I'm just beginning to study stochastic processes (not rigorously, this is in terms of Langevin dynamics) and I stumbled upon a problem. I think I'm misunderstanding some concepts, so I thought I could get some clarification here.
The Ornstein-Uhlenbeck process is stationary. This means that the mean, variance, etc. do not depend on time.
Yet, when I solve the appropriate Fokker-Planck equation for the conditional pdf (with a delta initial condition and an absorbing boundary at infinity), the answer I get is a normal distribution with mean and variance explicitly time dependent! For example, for an initial condition at $v_0$, the mean is $v_0 e^{-\gamma t}$.
The Fokker-Planck equation is for the pdf of the velocity of a particle in a gas of colliding particles.

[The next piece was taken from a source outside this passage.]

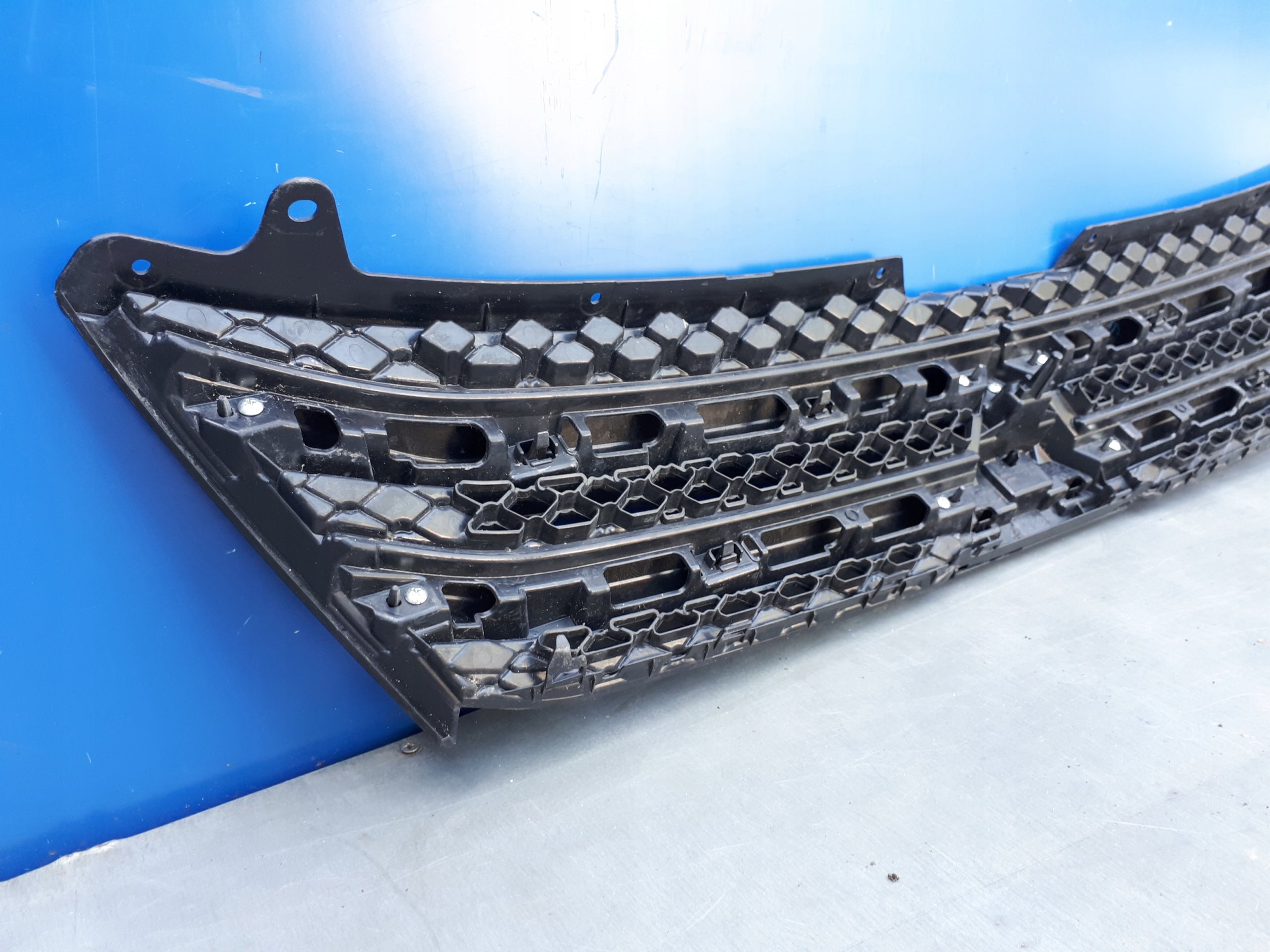 Kühlergrill Mitsubishi I ECLIPSE CROSS FRONTGRILL 7450B048 Kühlergitter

Let $p \equiv p(v,t|v_0,0)$, then:
$$\frac{\partial p}{\partial t} = \gamma \frac{\partial }{\partial v} \left( v p\right) + \frac{\gamma kT}{m} \frac{\partial ^2 p}{\partial v^2}.$$
This corresponds to the following SDE (Langevin equation):
$$ \frac{dv}{dt} = -\gamma v + \sqrt{\frac{2\gamma kT}{m}} \eta(t),$$
where $\eta(t)$ is a unit delta-correlated Gaussian white noise. This is clearly an Ornstein-Uhlenbeck process, right?
Back to the Fokker-Planck equation: assuming $p(v,0|v_0 ,0) = \delta (v-v_0)$ and a zero probability current at $|v| \to \infty$, the solution comes out to be:
$$p(v,t|v_0,0) = \left( \frac{m}{2\pi kT (1-e^{-2\gamma t})} \right) ^\frac{1}{2} \exp \left( -\frac{m(v-v_0 e^{-\gamma t})^2}{2kT(1-e^{-2\gamma t})} \right).$$
This is obviously a normal distribution with a time dependent mean and variance. How do I reconcile this with the statement that the process is stationary? Or is this process actually not Ornstein-Uhlenbeck?
Best Answer
The O-U process with a delta initial condition is not stationary in this sense. But that's the wrong initial condition.

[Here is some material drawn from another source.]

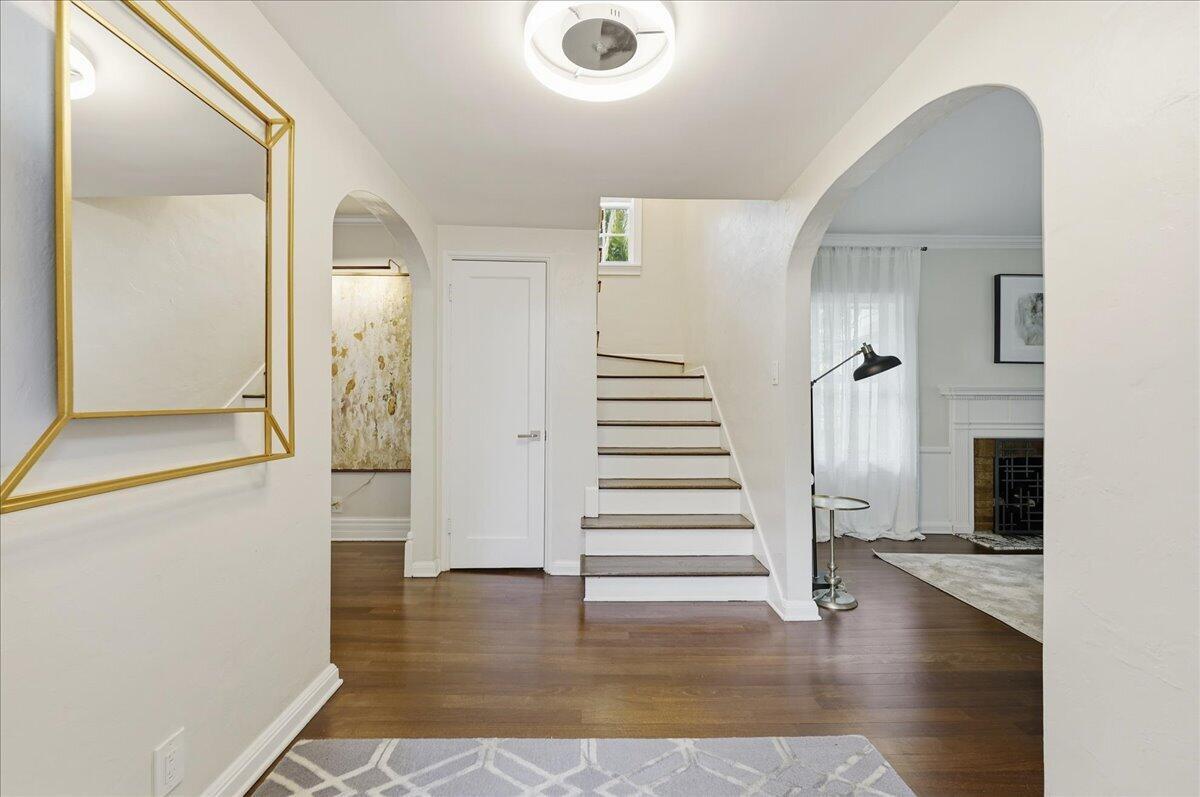 Las Olas Park Corr 6-12 B - Residential Lease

The O-U process is a Markov process which admits a stationary distribution, so if you want a stationary process, you should start it in the stationary distribution. Here it's a Gaussian distribution, and it isn't hard to work out what the mean and variance of that distribution ought to be.
This corresponds to a time-independent solution of the Fokker-Planck equation, which you can easily verify is of the form $p(v) = e^{-x^2/2 \sigma^2}$, and you can work out the right value for $\sigma$ in terms of your parameters.